BOSTON (Reuters) - Investors looking for better performing hedge funds may want to try putting their money into portfolios run by women or minorities, a new industry benchmark launched on Wednesday shows.
The HFRX Diversity Index tracks returns at firms owned and operated exclusively by women and minorities and shows these managers have long outpaced competitors around the world.
Since 2003, these managers have returned 11.26 percent annually net of fees, said Chicago-based hedge fund tracker Hedge Fund Research (HFR), which created the index.
Global hedge fund managers returned 7.76 percent during the same period, according to another one of the company’s benchmarks, the HFRX Global index.
HFR created the new benchmark at a time loosely regulated hedge funds are attracting billions of dollars in new assets every year from pension funds, endowments and wealthy individuals.
Together, the world’s estimated 9,000 hedge funds invest about $1.5 trillion (750 billion pounds), but only a fraction of these funds -- about 100 -- are owned and run by women and minorities.
“We responded to demand from large institutional investors like the California Public Employees’ Retirement System, or Calpers,” Hedge Fund Research President Ken Heinz said.

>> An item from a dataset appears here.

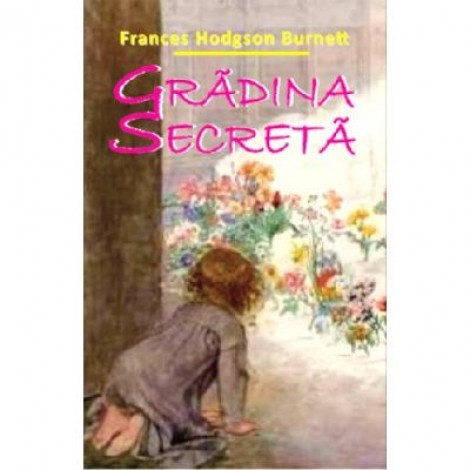 Gradina Secreta - Frances Hodgson Burnett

Calpers invests $245 billion and was among the first pension funds to put money into hedge funds.
Heinz said his team reviewed funds such as Jane Siebels’ Green Cay Asset Management, Nancy Havens’ Havens Advisors, Tracy Maitland’s Advent Capital Management, Karen Finerman’s Metropolitan Capital Advisors and Jamie Zimmerman’s Litespeed Partners while creating the index.
The index will be rebalanced often and currently includes 15 hedge funds.